Monday, July 27, 2009

Look into my !

A front page story in today's NYT biz section about new research from the Walt Disney Company had me chuckling, with fond remembrance about my earliest days in the media biz and my marketing and advertising classes as a young MBA student. A reminder that, in some ways, everything changes and yet nothing does.

In the latest developments from the internet world, the story reports on how Disney is hooking up research subjects to a device which monitors eye movements, heart rates, facial expressions, and so forth during web browsing to try to quantify which forms of internet advertising are the most impactful to the reader. Hmm.

Once upon a time, at my first magazine job with Sports Illustrated, we experimented with what we nicknamed 'sweaty palms' research, which involved wiring the subjects' hands and other body parts to a monitor that measured galvanic skin response to a series of newsstand cover elements to understand and manipulate those variables to increase retail sales. Changes in electrical conductivity of the skin were equated to 'unconscious' positive/negative feedback, etc etc, and so forth and so on. Since the research results could never really be well correlated to field studies that might verify the relationship between sweaty palms and better sales, the project was eventually abandoned and we went back to old fashioned numbers crunching to find the answers that never really came.

We keep looking for ways we can better understand consumer behavior in order to control or influence it, and I guess I'll cop to being an active participant in this process in my media career. What interests me are the pretenders to the Holy Grail, such as the internet, which, as the ultimate measurable tool of consumer response, purports to thereby be the channel for the ultimate answers to what makes us buy. Someday, perhaps, as we are able to map and correlate complex neural pathways and interactivity, we will find the answers, but we are not there yet and perhaps no closer to it than during my days with the sweaty palms.

I was more inspired by another report I read the other day in The New Yorker, about the origins of super-sizing. A movie theater owner, searching for ways to increase popcorn (and soda) consumption, stumbled on the idea of jumbo-size popcorn boxes and watched as popcorn and soda sales soared---an idea he eventually passed along to Ray Kroc, the founder of McDonald's....and the rest is history.

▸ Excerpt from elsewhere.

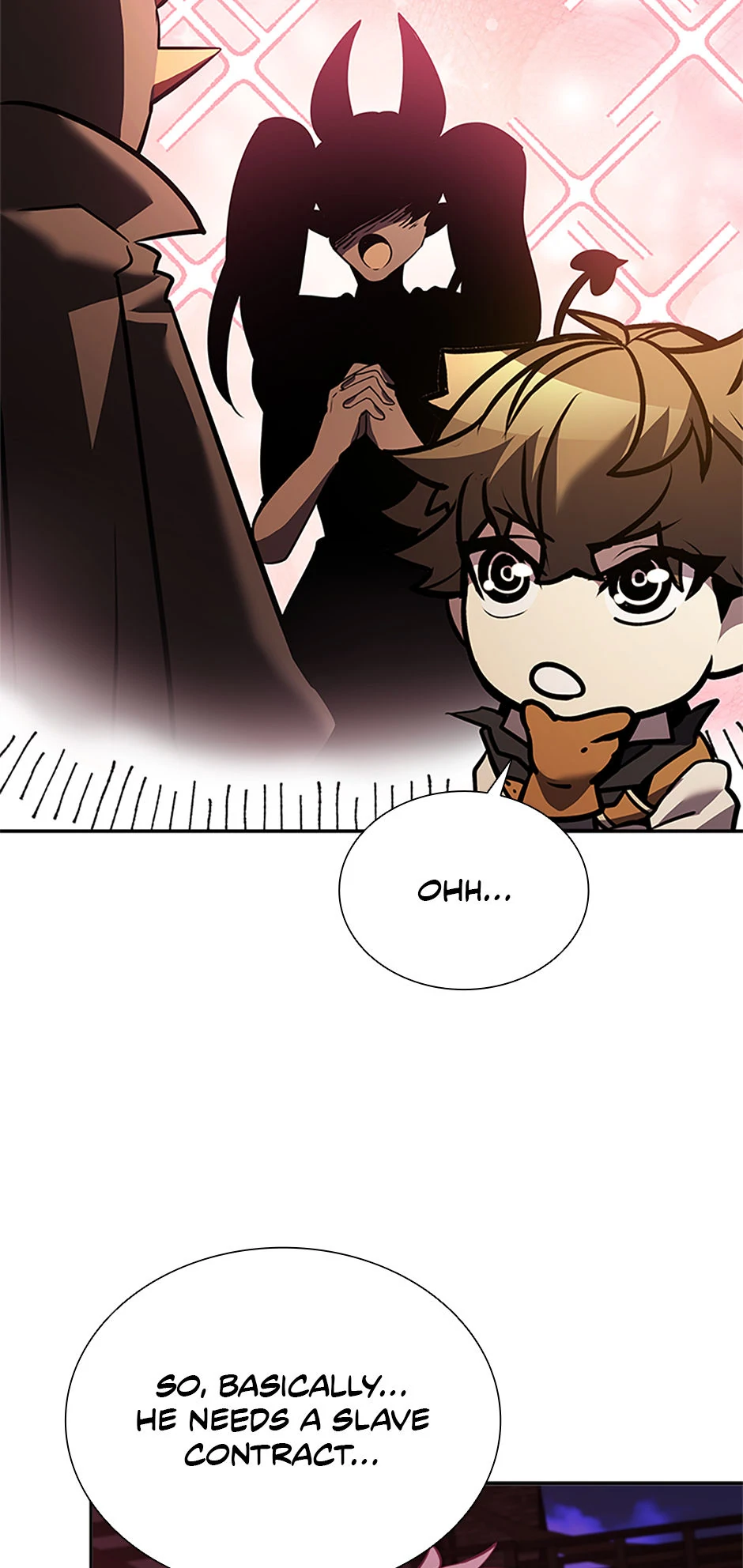 Read Taming Master EN Manga Online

There is a complexity---some might say mystery---to we humans that cannot yet be diagrammed, computed, predicted, and controlled. Perhaps that is the source of what has allowed our species to dominate the planet, for better and worse. And maybe someday we will all be programmed and choreographed, with and without our consent. In the meantime, I salute the research attempts, hope to continue to initiate more of my own, but with a skepticism that some unknowns may remain unknowns for a long time to come. Hooray.